Individuals and organizations in every state are at risk from constantly-evolving forms of cybercrime. Yet most cybercrimes go without criminal investigation or response. State attorneys general can play a critical role in increasing and improving our shared response to cybercrime. Statewide reach, as well as the ability to coordinate with local and national agencies, place the offices of attorneys general in prime position to improve how these cases are investigated. State and local prosecutors handle the bulk of all criminal cases in our nation, and that responsibility can extend to cybercrime.
The civil authority of attorneys general is also a key tool for cybercrime investigations. Consumer protection laws regarding data breaches, cybersecurity, and privacy are focused increasingly on both safeguarding personal information adequately from theft, and confirming that residents and government agencies are properly notified after a data breach. Attorneys general in many states ensure compliance with these rules, a vital function.
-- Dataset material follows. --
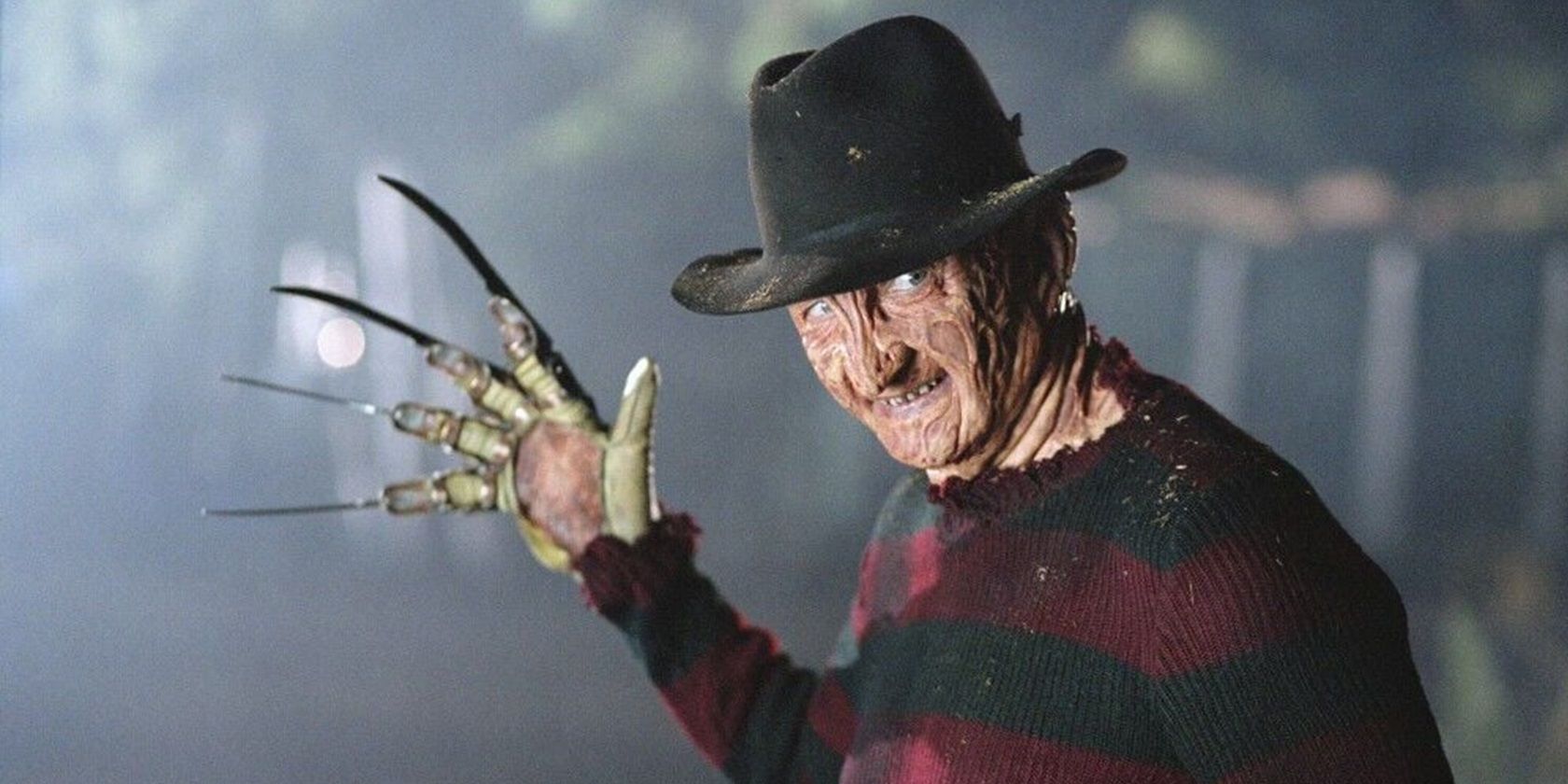 Refonte de Freddy Krueger pour Un cauchemar sur Elm Street : 9 acteurs qui ont...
In sum, assistant attorneys general can play an important part in the investigation of cybercrime from both a criminal and civil perspective, including through leadership, policy, training, and implementation.
This webinar is brought to you by two former cybercrime prosecutors who recently authored the book, “Cybercrime Investigations – A Comprehensive Resource for Everyone.” The presenters will introduce the foundational concepts of a cybercrime investigation and provide some innovative specific procedures that can improve individual cybercrime investigations. They will also present overarching concepts that will spark further thought and discussion about how state and local agencies can collaborate to try meet the goal of conducting a reasonable investigation into every reported cybercrime.
The following key topics will be covered:
- Understanding cybercrime, computers, forensics, and cybersecurity.
- Law for the cybercrime investigator.
- Cybercrime investigation from the perspectives of law enforcement and consumer protection.
- Financial investigation.
- Identification (attribution) of cyber-conduct.
- Litigation in the criminal and civil arenas.